Description: Describes various A-extension related parameters. These params take effect only when the “A” extension is enabled in the riscv_config ISA

  • reservation_size: integer indicate the size of the reservation in terms of bytes. Minimum value is 4 and must be a power of 2. For RV64 system minimum should be 8 bytes.

Examples:

a_extension:
  reservation_size: 8

m_extension

Description: Describes various M-extension related parameters. These parameters take effect only is “M” is present in the ISA field. The multiplier used in the core is a retimed one. The parameters below indicate the number of input and output registers around the combo block to enable retiming.

  • mul_stages_out: Number of stages to be inserted after the multiplier combinational block. Minimum value is 1.
  • mul_stages_in: Number of stages to be inserted before the multiplier combinational block. Minimum value is 0
  • div_stages: an integer indicating the number of cycles for a single division operation. Max value is limited to the XLEN defined in the ISA.

Examples:

m_extension:
  mul_stages_in  : 2
  mul_stages_out : 2
  div_stages: 32

branch_predictor

Description: Describes various branch predictor related parameters.

  • instantiate: boolean value indicating if the predictor needs to be instantiated
  • predictor: string indicating the type of predictor to be implemented. Valid values are: ‘gshare’ not. Valid values are : [‘enable’,’disable’]
  • btb_depth: integer indicating the size of the branch target buffer
  • bht_depth: integer indicating the size of the bracnh history buffer
  • history_len: integer indicating the size of the global history register
  • history_bits: integer indicating the number of bits used for indexing bht/btb.
  • ras_depth: integer indicating the size of the return address stack.

Examples:

branch_predictor:
  instantiate: True
  predictor: gshare
  btb_depth: 32
  bht_depth: 512
  history_len: 8
  history_bits: 5
  ras_depth: 8

icache_configuration

Description: Describes the various instruction cache related features.

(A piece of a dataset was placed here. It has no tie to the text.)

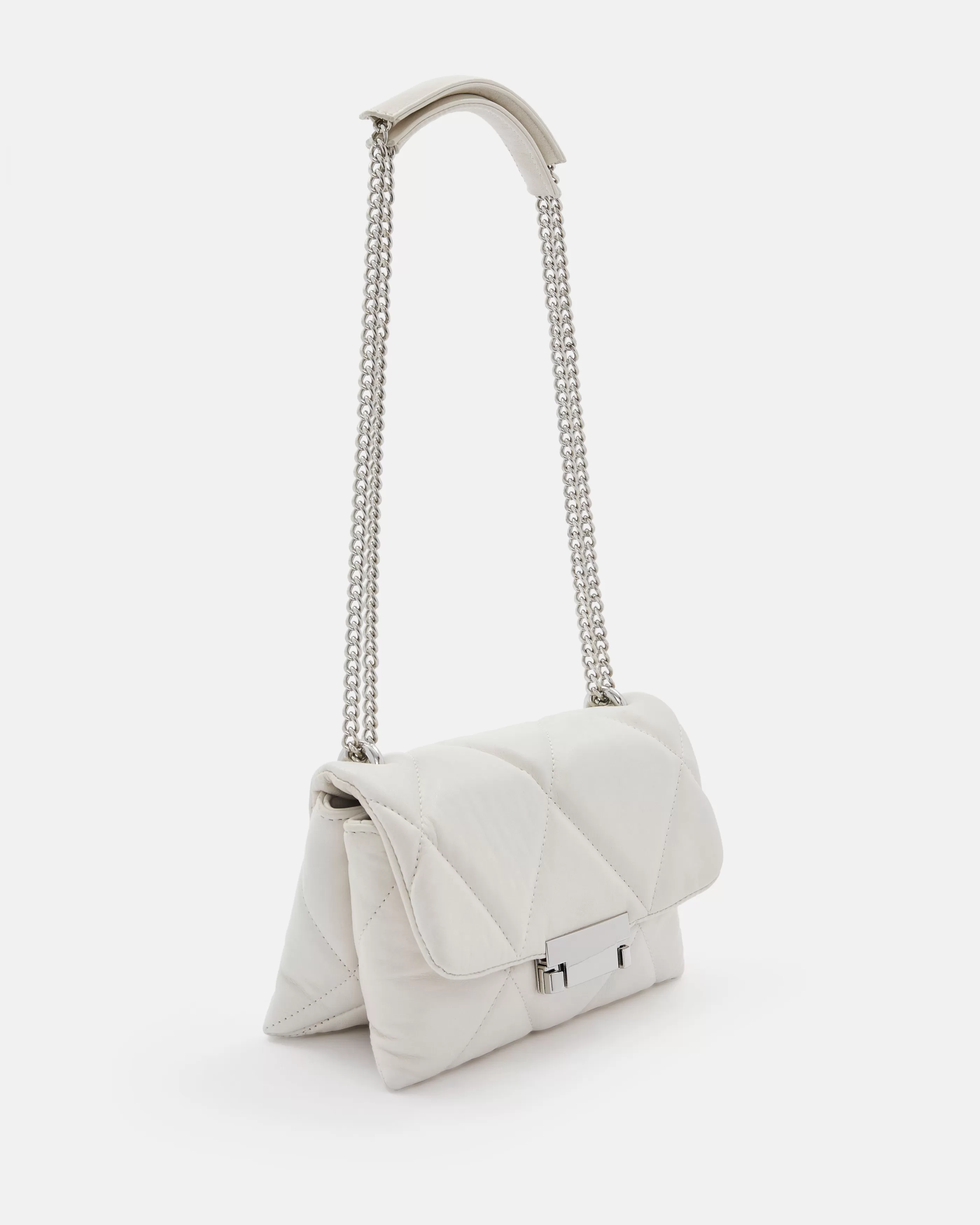 Minelli Cérémonie | Sacs En Cuir<PETIT SAC CHAINE FERNANDINA BLANC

  • instantiate: boolean value indicating if the predictor needs to be instantiated not. Valid values are : [‘enable’,’disable’]
  • sets: integer indicating the number of sets in the cache
  • word_size: integer indicating the number of bytes in a word. Fixed to 4.
  • block_size: integer indicating the number of words in a cache-block.
  • ways: integer indicating the number of the ways in the cache
  • fb_size: integer indicating the number of fill-buffer entries in the cache
  • replacement: strings indicating the replacement policy. Valid values are: [“PLRU”, “RR”, “Random”]
  • ecc_enable: boolean field indicating if ECC should be enabled on the cache.
  • one_hot_select: boolean value indicating if the bsv one-hot selection funcion should be used of conventional for-loops to choose amongst lines/fb-lines. Choice of this has no affect on the functionality

If supervisor is enabled then the max size of a single way should not exceed 4Kilo Bytes

Examples:

icache_configuration:
  instantiate: True
  sets: 4
  word_size: 4
  block_size: 16
  ways: 4
  fb_size: 4
  replacement: "PLRU"
  ecc_enable: false
  one_hot_select: false

dcache_configuration

Description: Describes the various instruction cache related features.

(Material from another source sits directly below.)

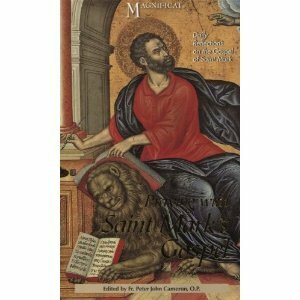 Praying with Saint Mark's Gospel by Peter John Cameron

  • instantiate: boolean value indicating if the predictor needs to be instantiated not. Valid values are : [‘enable’,’disable’]
  • sets: integer indicating the number of sets in the cache
  • word_size: integer indicating the number of bytes in a word. Fixed to 4.
  • block_size: integer indicating the number of words in a cache-block.
  • ways: integer indicating the number of the ways in the cache
  • fb_size: integer indicating the number of fill-buffer entries in the cache
  • sb_size: integer indicating the number of store-buffer entries in the cache. Fixed to 2
  • lb_size: integer indicating the number lines to be stored in the store buffer. Applicable only when rwports == 1r1w
  • ib_Size: integer indicating the number of io-buffer entries in the cache. Default to 2
  • replacement: strings indicating the replacement policy. Valid values are: [“PLRU”, “RR”, “Random”]
  • ecc_enable: boolean field indicating if ECC should be enabled on the cache.
  • one_hot_select: boolean value indicating if the bsv one-hot selection funcion should be used of conventional for-loops to choose amongst lines/fb-lines. Choice of this has no affect on the functionality
  • rwports: number of read-write ports available on the brams. Allowed values are 1rw, 1r1w and 2rw

If supervisor is enabled then the max size of a single way should not exceed 4Kilo Bytes

Examples:

dcache_configuration:
  instantiate: True
  sets: 4
  word_size: 4
  block_size: 16
  ways: 4
  fb_size: 4
  sb_size: 2
  lb_size: 2
  ib_size: 2
  replacement: "PLRU"
  ecc_enable: false
  one_hot_select: false
  rwports: 1r1w

reset_pc

Description: Integer value indicating the reset value of program counter

Example:

bus_protocol

Description: bus protocol for the master interfaces of the core. Fixed to “AXI4”

Examples:

bus_protocol: AXI4
fpu_trap

Description: Boolean value indicating if the core should trap on floating point exception and integer divide-by-zero conditions.

Examples:

fpu_trap: False

verilator_configuration

Description: describes the various configurations for verilator compilation.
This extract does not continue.